Una vez entendido ese comportamiento, la estrategia de branding y packaging tomó una dirección muy clara: si el consumidor recuerda antes una imagen que un nombre, esa imagen podía convertirse en el principal activo de la marca. Así, la ilustración dejó de ser un elemento meramente decorativo de la etiqueta para convertirse en una herramienta de reconocimiento. Y esto cambia mucho la forma de plantear el diseño, en lugar de pensar únicamente en cómo hacer que un queso destaque, pensamos en cómo conseguir que alguien pueda identificarlo casi sin necesidad de leer. Es algo que hacemos constantemente en nuestra vida cotidiana. Reconocemos una cafetería por su fachada, una botella por su silueta, un restaurante por sus colores o una marca por una combinación concreta de elementos gráficos. No siempre necesitamos leer un nombre para saber qué tenemos delante. El packaging puede trabajar precisamente con esa memoria visual. En este caso, la ilustración ayuda a simplificar la decisión de compra y construye una identidad visual intuitiva. El consumidor no necesita recordar un naming complicado ni leer toda la etiqueta. Puede pensar simplemente: «Quiero el queso del dibujo». Y ahí aparece una idea que para mí es fundamental cuando hablamos de diseño de packaging alimentario: el diseño no solo tiene que comunicar qué es un producto, también tiene que ayudar a recordarlo. Eso es especialmente importante en productos artesanales o gourmet, donde muchas veces compites en un entorno lleno de estímulos y donde la calidad del producto necesita ir acompañada de una identidad capaz de diferenciarlo. Por eso el diseño estratégico no consiste en añadir más elementos, sino en decidir cuáles merecen convertirse en protagonistas. Una buena identidad de marca puede ser reconocible con muy poco cuando cada elemento tiene un motivo para estar ahí.

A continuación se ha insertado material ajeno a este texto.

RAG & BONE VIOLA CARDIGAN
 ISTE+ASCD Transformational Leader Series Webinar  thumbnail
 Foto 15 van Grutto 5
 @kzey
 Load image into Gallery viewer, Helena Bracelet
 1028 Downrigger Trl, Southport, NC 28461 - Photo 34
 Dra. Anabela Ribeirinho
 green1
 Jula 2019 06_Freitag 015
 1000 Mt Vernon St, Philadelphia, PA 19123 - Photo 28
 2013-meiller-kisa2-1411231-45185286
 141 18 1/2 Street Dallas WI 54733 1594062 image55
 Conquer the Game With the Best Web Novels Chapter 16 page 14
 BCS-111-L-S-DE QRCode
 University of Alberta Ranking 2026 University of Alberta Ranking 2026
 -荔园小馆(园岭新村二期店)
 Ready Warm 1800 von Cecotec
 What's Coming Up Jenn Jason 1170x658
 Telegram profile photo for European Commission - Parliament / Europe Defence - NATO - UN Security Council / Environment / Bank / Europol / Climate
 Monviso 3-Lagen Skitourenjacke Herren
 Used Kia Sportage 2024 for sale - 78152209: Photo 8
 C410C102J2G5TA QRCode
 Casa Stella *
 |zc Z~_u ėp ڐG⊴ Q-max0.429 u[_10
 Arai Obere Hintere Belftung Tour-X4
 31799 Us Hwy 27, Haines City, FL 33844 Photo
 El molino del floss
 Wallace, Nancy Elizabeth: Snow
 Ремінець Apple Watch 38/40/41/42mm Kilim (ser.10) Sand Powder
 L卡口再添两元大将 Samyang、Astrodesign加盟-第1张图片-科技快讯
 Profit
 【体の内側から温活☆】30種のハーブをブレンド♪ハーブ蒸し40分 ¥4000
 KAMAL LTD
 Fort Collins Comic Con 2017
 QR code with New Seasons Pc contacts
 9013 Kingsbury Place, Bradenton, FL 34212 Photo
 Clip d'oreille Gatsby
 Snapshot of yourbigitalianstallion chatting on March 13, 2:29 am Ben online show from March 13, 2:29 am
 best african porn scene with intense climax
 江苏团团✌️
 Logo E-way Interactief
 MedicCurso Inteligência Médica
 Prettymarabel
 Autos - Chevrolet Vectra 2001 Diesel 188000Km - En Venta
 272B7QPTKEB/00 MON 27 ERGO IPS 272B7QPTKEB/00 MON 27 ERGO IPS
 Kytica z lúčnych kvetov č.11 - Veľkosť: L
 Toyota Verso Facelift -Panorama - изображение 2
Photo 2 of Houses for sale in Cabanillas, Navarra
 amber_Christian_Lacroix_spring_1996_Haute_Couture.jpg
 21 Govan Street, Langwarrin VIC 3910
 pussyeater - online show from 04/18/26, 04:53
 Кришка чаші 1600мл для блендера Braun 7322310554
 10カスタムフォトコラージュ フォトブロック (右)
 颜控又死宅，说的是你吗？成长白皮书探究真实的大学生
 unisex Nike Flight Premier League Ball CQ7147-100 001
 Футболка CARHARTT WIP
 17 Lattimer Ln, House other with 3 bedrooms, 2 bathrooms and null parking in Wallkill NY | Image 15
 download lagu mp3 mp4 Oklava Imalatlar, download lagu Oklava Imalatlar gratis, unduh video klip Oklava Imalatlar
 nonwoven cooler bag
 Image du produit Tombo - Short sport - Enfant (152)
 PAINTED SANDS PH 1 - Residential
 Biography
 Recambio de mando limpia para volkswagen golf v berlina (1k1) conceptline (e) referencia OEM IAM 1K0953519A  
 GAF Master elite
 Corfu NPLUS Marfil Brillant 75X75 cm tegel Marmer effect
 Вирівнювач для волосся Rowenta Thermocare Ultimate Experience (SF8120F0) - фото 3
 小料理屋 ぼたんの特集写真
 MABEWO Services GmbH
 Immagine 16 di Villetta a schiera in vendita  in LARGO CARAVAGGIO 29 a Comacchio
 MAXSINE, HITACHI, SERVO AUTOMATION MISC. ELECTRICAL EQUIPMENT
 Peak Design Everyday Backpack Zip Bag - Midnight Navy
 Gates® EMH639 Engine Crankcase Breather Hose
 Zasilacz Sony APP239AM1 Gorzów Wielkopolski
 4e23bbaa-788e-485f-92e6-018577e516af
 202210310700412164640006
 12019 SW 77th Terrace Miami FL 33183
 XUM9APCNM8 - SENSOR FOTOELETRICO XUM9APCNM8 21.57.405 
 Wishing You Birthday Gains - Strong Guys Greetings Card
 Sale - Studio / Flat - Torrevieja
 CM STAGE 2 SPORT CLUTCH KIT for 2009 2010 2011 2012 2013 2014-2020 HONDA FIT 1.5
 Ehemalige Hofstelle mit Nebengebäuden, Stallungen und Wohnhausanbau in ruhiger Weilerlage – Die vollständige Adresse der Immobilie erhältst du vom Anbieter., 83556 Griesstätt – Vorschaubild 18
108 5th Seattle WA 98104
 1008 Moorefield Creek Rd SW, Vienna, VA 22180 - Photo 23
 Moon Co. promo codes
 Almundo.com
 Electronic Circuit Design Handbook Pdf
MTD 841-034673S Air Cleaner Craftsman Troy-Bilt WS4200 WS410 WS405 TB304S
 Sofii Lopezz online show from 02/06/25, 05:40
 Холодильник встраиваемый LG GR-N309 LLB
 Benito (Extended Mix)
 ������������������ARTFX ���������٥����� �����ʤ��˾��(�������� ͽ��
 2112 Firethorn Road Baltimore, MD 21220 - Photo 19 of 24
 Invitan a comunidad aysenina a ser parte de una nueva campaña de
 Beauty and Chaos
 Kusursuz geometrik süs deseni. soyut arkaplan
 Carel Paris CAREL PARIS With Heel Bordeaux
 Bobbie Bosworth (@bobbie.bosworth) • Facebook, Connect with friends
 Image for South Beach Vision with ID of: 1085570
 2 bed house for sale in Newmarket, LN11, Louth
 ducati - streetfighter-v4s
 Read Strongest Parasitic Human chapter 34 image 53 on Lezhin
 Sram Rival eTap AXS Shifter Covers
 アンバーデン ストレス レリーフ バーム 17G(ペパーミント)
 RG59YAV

En este proyecto, la ilustración cumple varias funciones al mismo tiempo: diferencia el producto, facilita su reconocimiento y genera una conexión más emocional con quien lo compra. Y cuando un elemento gráfico consigue hacer todo eso, deja de ser simplemente una ilustración bonita. Empieza a convertirse en marca.

Woman

Un packaging que sigue viviendo después del queso

Pero había otra oportunidad en este proyecto que tenía que ver con algo que ocurre con todos los envases: llega un momento en el que el producto desaparece. Te comes el queso y el packaging, en principio, deja de tener utilidad ¿O no? Una de las decisiones más interesantes de este diseño fue plantear que la ilustración pudiera tener una segunda vida después del consumo. En lugar de pensar en el envase como algo que acompaña al producto durante un tiempo limitado, podía convertirse en un objeto que merece la pena conservar. La ilustración puede separarse del packaging y transformarse en un pequeño cuadro para casa. Y eso cambia completamente la relación con el envase, ya no es solo el envoltorio de un queso. Es algo que puede permanecer en la cocina, en una despensa o en cualquier rincón de casa como recuerdo de una compra y de una experiencia. Aquí es donde el packaging sostenible puede ir más allá de elegir materiales con menor impacto. También podemos preguntarnos cuánto tiempo va a vivir un envase y qué valor puede tener después de cumplir su función inicial. En este proyecto, además, esa segunda vida refuerza la propia estrategia de marca. La ilustración que ayudaba a reconocer el queso en la charcutería se convierte después en el elemento que permanece en casa. Primero te ayuda a encontrarlo, después te ayuda a recordarlo y ahí es donde diseño, memoria y experiencia empiezan a trabajar juntos. Un buen diseño no parte de lo que queremos que la gente recuerde, sino de observar qué recuerda realmente. El consumidor siempre va a construir su propia relación con una marca, la cuestión es si el diseño está ahí para acompañarla.